A política de cotas raciais no Brasil foi estabelecida em âmbito federal pela Lei nº 12.711/2012, que reserva 50% das vagas em universidades e institutos federais para estudantes de escolas públicas, incluindo critérios de renda, raça (pretos, pardos, indígenas e quilombolas) e pessoas com deficiência. Em 2012, o Supremo Tribunal Federal (STF) declarou a constitucionalidade das cotas para negros e indígenas, baseando-se no direito à igualdade material e no princípio da proporcionalidade para superar distorções sociais históricas.
Em dezembro de 2025, a Assembleia Legislativa do Estado de Santa Catarina (Alesc) aprovou um projeto de lei que proíbe explicitamente a adoção de cotas raciais e outras ações afirmativas para ingresso de estudantes e funcionários em instituições de ensino superior estaduais. O governador Jorginho Mello sancionou a lei, que foi publicada como Lei nº 19.722/2026 em janeiro de 2026. A legislação prevê exceções para reserva de vagas por critérios exclusivamente econômicos, para pessoas com deficiência e para estudantes da rede pública estadual. As punições para o descumprimento incluem multa de R$ 100 mil por edital e corte de repasses públicos. Instituições como a Universidade do Estado de Santa Catarina (Udesc) seriam afetadas, enquanto instituições federais, como a Universidade Federal de Santa Catarina (UFSC), não são abrangidas pela lei estadual.

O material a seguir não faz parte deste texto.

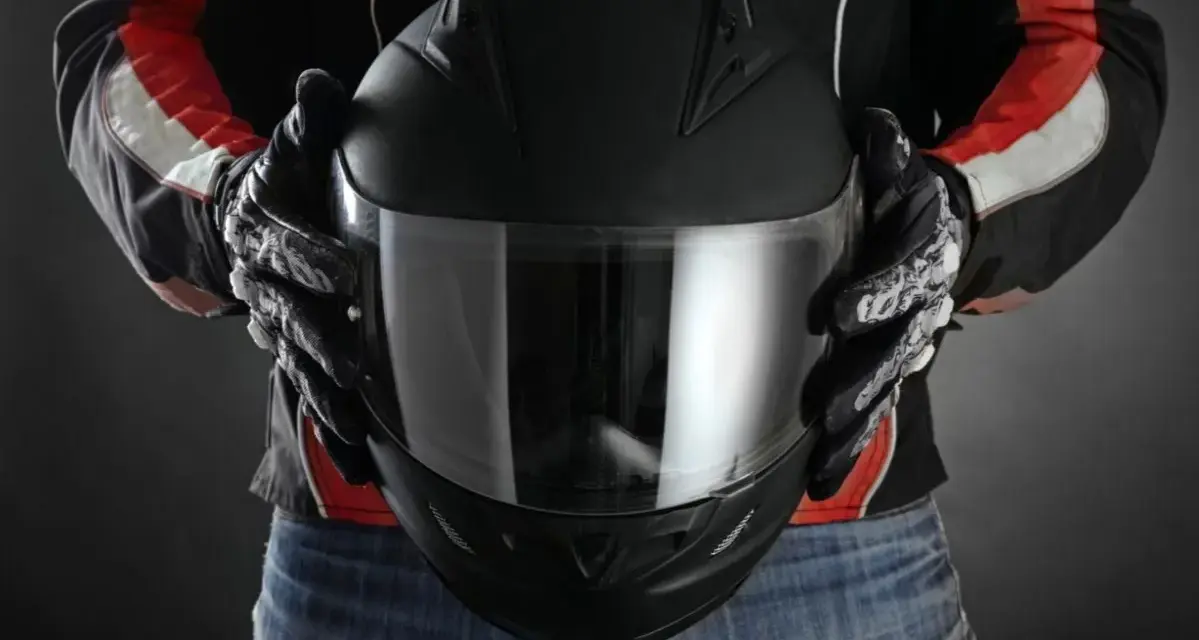 Persona con guantes de moto sostiene casco negro. Se aprecian detalles de las medidas exteriores casco moto en su diseño.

Imediatamente após a sanção, a lei foi questionada na Justiça por meio de uma ação popular ajuizada pela deputada federal Ana Paula Lima (PT-SC) e pelo presidente do Sebrae, Décio Lima. Eles argumentam que o estado não tem competência para proibir políticas já autorizadas por leis federais e consideradas constitucionais pelo STF, configurando uma medida inconstitucional e um retrocesso social. O Ministério da Igualdade Racial também expressou indignação e anunciou que acionaria a Ordem dos Advogados do Brasil (OAB) para analisar medidas cabíveis.